The current version of sclp is preceded by many earlier versions. Its immediate predecessor of cfglp implemented by Tanu Kanvar and Uday Khedker (http://www.cse.iitb.ac.in/~uday) for the courses cs302+cs316 Language Processors (theory and lab) at IIT Bombay in 2012. Its input was control flow graph (cfg) representation of GIMPLE produced by GCC as input. Its front end used flexc++ and bisonc++. It was tweaked in many ways and updated by a host of students. However, none of the updates brought a significant change. Most significant changes started happening from 2019 and are described below.

  1. In 2019, N Venkatesh made many changes that prompted changing the name from cfglp to sclp.
    1. Its input language was changed from cfg representation to a subset of C.
    2. The front end was revised to replace flexc++ and bisonc++ by flex and bison. Flexc++ and bisonc++ generate a C++ scanner/parser. However, the interaction between the parser and the scanner and the rest of the code was non-trivial and migrating the implementation from Ubuntu 12.04 to later versions was a pain. By contrast, flex and bison generate a C scanner/parser that use C++ code in actions.  Hence we started using flex and bison. The resulting code easily compiled with g++ and its migration to later versions of Ubuntu has not been an issue.
    3. Since the input language was no longer constrained by the dump of GCC, we added a print operation for printing the values of variables.
  2. In 2020, there were many updates to sclp.
    1. Nisha Biju and Saari Rajan helped Uday Khedker in the following
      1. Instead of generating RTL (earlier called icode) directly from AST, a Three Address Code (TAC) IR was introduced and RTL code was generated from TAC.
      2. String data type with constant strings was introduced.
      3. A read operation was supported for integer and floating point variables, and print operation was extended to all variables (including string variables) and string constants.
      4. Significant changes were made in command line switches for printing each representation (tokens, AST, TAC, RTL, and assembly) as well as stopping after each phase (scanning, parsing, AST construction (i.e. semantic analysis), TAC generation and RTL generation).
      5. The source was engineered to produce compiler for a given combination of language level (L1, L2, L3, L4, L5) and compilation phase (scan, parser, ast, tac, rtl, asm) by taking the combination as the input. The earlier version of sclp maintained different code base for a fixed set of combinations of language and compilation phase. This was problematic because a bug fix of enhancement in the code base of one combination had to be manually implemented in the code base of other combinations.
    2. Nicky Nagdev, Manali Wani, and Samruddhi Hardas introduced generation of control flow graph over the TAC IR. They also introduced the construction of SSA form of the IR.
    3. Rasesh Tongia and Mehul Jain implemented data flow analysis passes for available expressions analysis and live variables analysis.

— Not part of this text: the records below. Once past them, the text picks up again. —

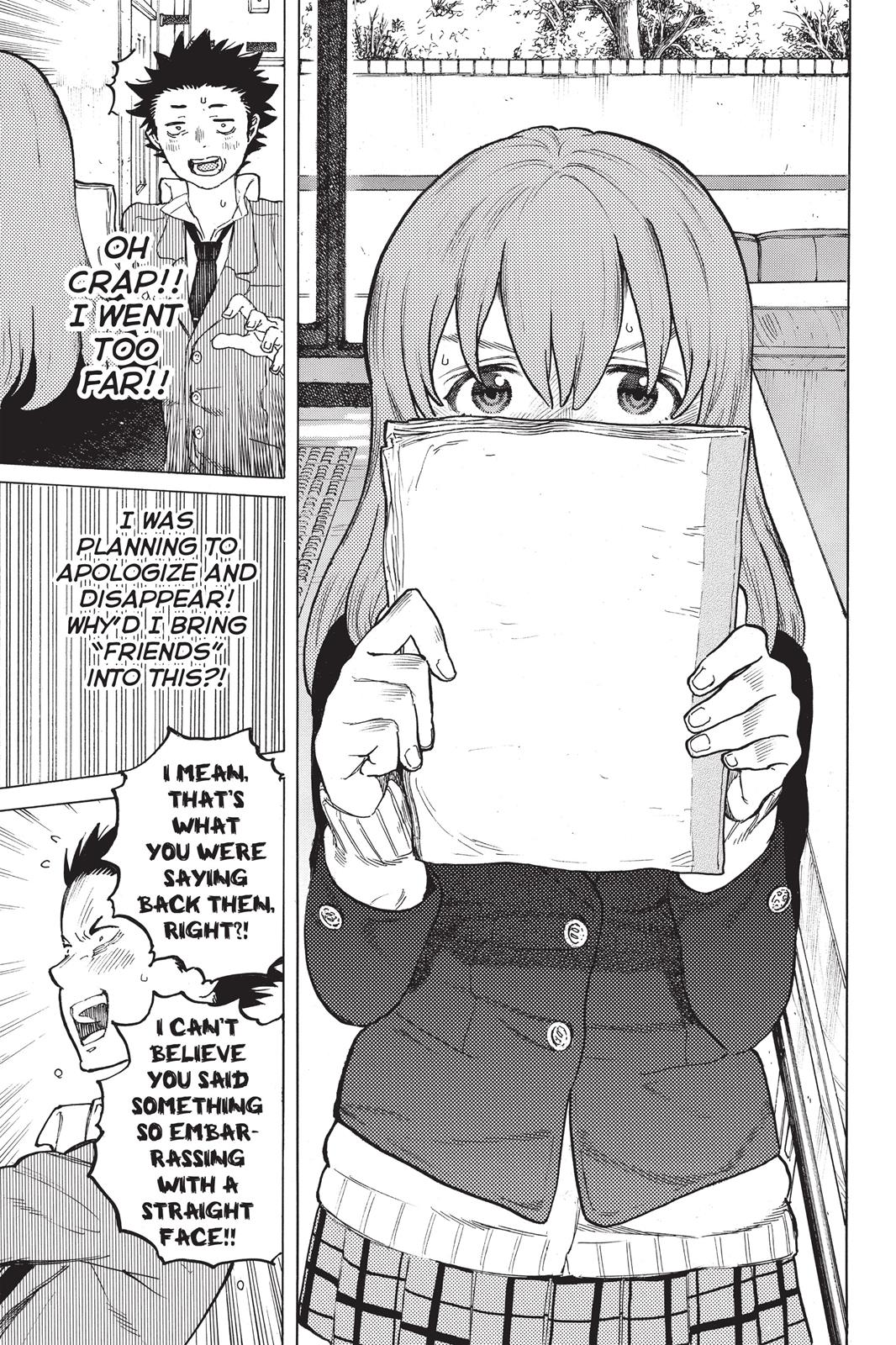 Read A Silent Voice ENGLISH Manga Online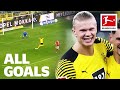 Erling Haaland: All 86 goals for Borussia Dortmund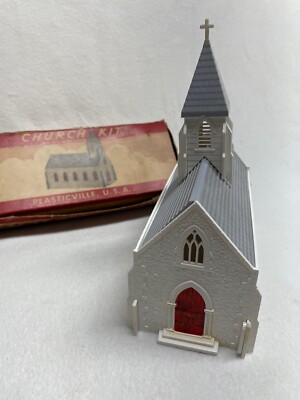 Vintage Plasticville Church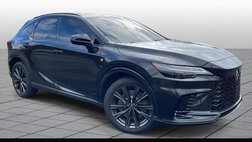 2024 Lexus RX 350 F SPORT Handling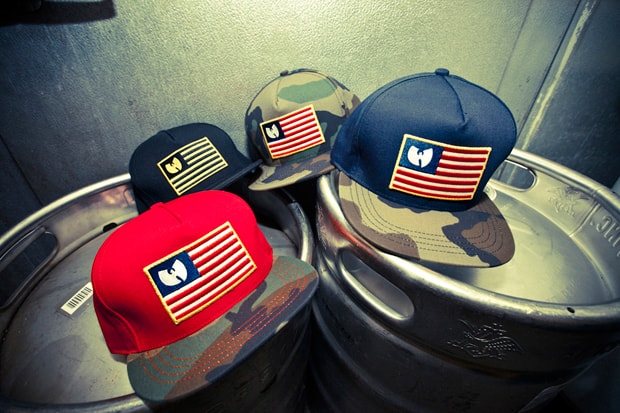 Wu-Tang x Rocksmith 2011 Holiday Headwear Collection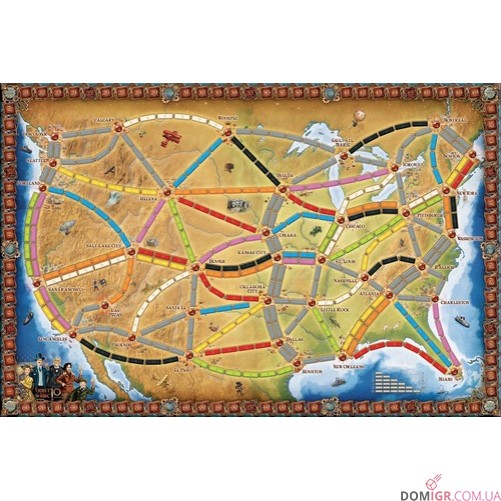 Ticket to ride: 10th Anniversary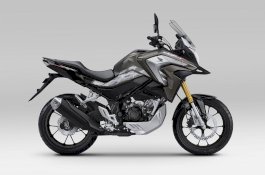Yang Baru dari Honda CB 150X, Lebih Tangguh denganSahara Matte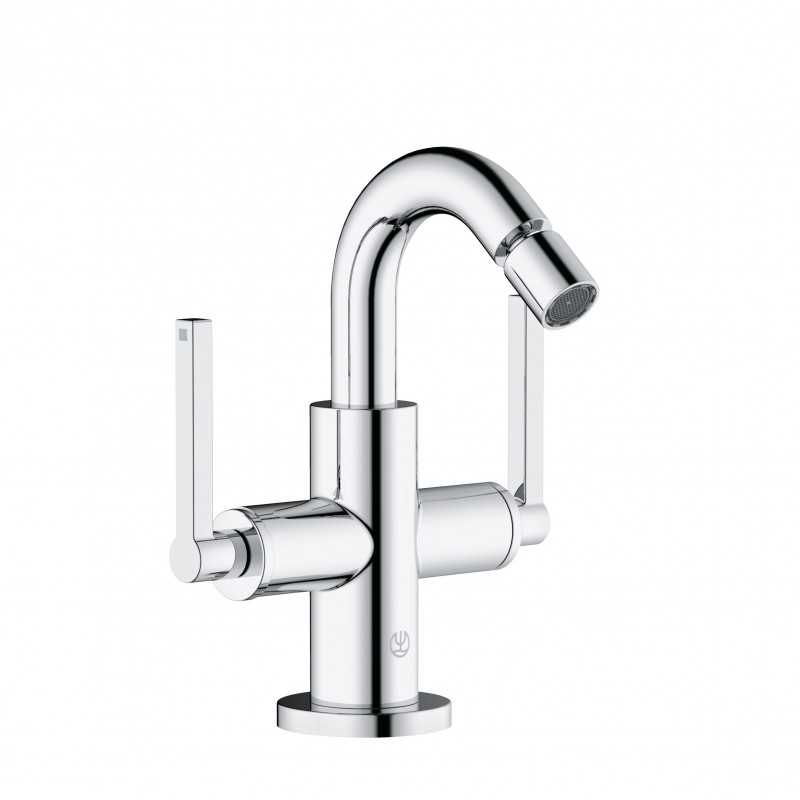 Kludi Nova Fonte Puristic bateria bidetowa z korkiem automatycznym chrom 203130515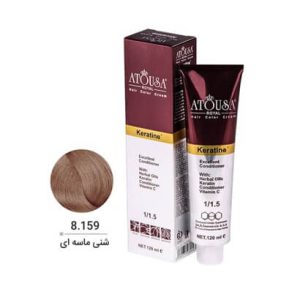تصویر رنگ موی آتوسا رویال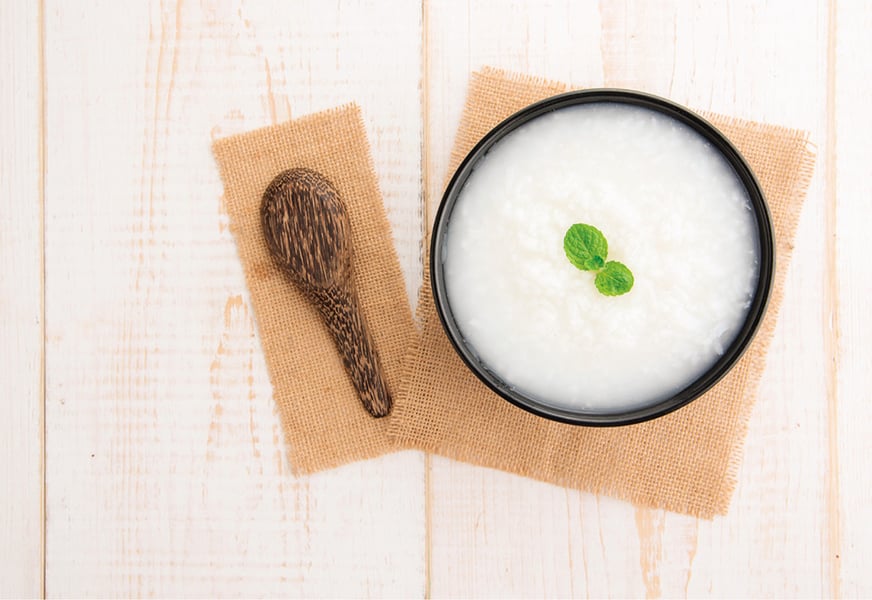 濃米湯 是天然的補品 功效媲美人參湯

They also implemented these analysis at the interprocedural level using value contexts.
    4. The following changes made on the then existing code have yet not been ported to the new version because of continuous changes in the way the code is engineered.
      1. Saari Rajan re-implemented an interpreter for AST because of substantial changes in ASTs, thanks to the a change in the input language.
      2. Mansi Shinde, Simran Moondra, Aditi Sathiyapalan, and Sejal Shroff extended the front end to support a restricted form of classes.
  3. In 2021, sclp underwent the following updates
    1. Uday Khedker extended the support for pointers and arrays. The ASTs support for structures was also created. The parser needs to be enhanced to support structures along with declaration processing and type checking.
    2. Michelle Thalakottur, Kinjal Parikh, Pranathi Bora, and Ayushi Jain rewrote the assembly generation pass by creating an explicit data structure to store the assembly IR and cleaned up some design decisions in the implementation.
    3. Aditya Pradhan made the following important contributions:
      1. A major limitation of sclp was that that each phase was dependent on the earlier phases so if a student had trouble in one assignment, all subsequent assignments were severely limited. Hence sclp was extended to support import and export of AST, TAC, and RTL IRs as JSON objects. This allows a standalone implementation of a phase by importing the JSON object of the previous IR. These JSON objects can be obtained by the students by running the reference implementation whose executable form is made available to the students.
      2. Since the number of passes was growing, a pass manager inspired by GCC's pass manager, was introduced. The pass manager allows categorization of passes as mandatory and optional passes and defining their preconditions and prerequisite passes. This makes it much easier to introduce passes.
      3. The specification of command line options was rationalized and re-implemented using the argp.h library.
This is how we have reached the current version.